I think for pseudocode purposes, any of my other options would have been worse, because each one introduces extra bookkeeping or formalism that the reader has to mentally clear out of the way to get at the underlying concept. So I quite liked this notation for its pedagogical value – but at the same time, I recognised that you'd have to translate it back into one of those other less clear idioms as soon as you wanted to implement the algorithm in a real programming language.

Or do you? Now that I think about it, there's no reason at all why a programming language couldn't define a function like min or max to return an lvalue.

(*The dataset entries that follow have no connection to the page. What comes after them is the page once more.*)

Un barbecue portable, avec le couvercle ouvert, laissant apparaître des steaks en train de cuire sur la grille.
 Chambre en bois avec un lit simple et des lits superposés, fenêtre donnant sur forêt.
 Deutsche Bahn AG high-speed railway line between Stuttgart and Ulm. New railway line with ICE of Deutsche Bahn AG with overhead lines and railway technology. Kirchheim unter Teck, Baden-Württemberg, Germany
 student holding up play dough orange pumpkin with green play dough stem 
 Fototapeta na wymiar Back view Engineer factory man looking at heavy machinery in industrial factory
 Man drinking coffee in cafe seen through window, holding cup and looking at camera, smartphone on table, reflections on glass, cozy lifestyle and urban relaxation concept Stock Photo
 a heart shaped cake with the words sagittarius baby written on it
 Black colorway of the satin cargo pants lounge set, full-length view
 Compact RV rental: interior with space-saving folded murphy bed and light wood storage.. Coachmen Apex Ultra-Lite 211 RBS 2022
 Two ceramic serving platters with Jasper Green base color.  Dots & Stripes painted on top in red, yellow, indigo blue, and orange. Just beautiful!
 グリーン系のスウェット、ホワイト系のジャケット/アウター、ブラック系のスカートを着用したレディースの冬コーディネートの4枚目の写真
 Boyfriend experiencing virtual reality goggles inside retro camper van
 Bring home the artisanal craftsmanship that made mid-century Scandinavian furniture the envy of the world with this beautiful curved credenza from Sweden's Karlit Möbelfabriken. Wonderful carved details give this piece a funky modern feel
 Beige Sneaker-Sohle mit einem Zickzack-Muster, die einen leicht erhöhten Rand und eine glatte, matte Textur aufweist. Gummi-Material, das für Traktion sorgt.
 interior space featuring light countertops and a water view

In fact, in C++, a simple implementation is as easy as adding three & characters to the most obvious version:

// before
template<typename T>
T max(T u, T v) { return u>v ? u : v; }
// after
template<typename T>
T &max(T &u, T &v) { return u>v ? u : v; }

But for maximum flexibility, you'd surely want max to return an lvalue if possible, and fall back to an rvalue if not. You'd like to be able to write max(u,v) = w as the above pseudocode did, but you also still want to be able to write x = max(y,1000) without a compile error.

And that doesn't seem so easy in C++. The obvious approach is to have both of the above template definitions in scope at the same time. Overload resolution will use the by-value version in cases where only that one matches, and you hope it will manage to pick the reference version in cases where both match. But sadly, when I tried it, that hope turned out to be misplaced – the language defines no preference order between those two templates.

I wonder if any other languages allow you to get the lvalue/rvalue flexible version to work!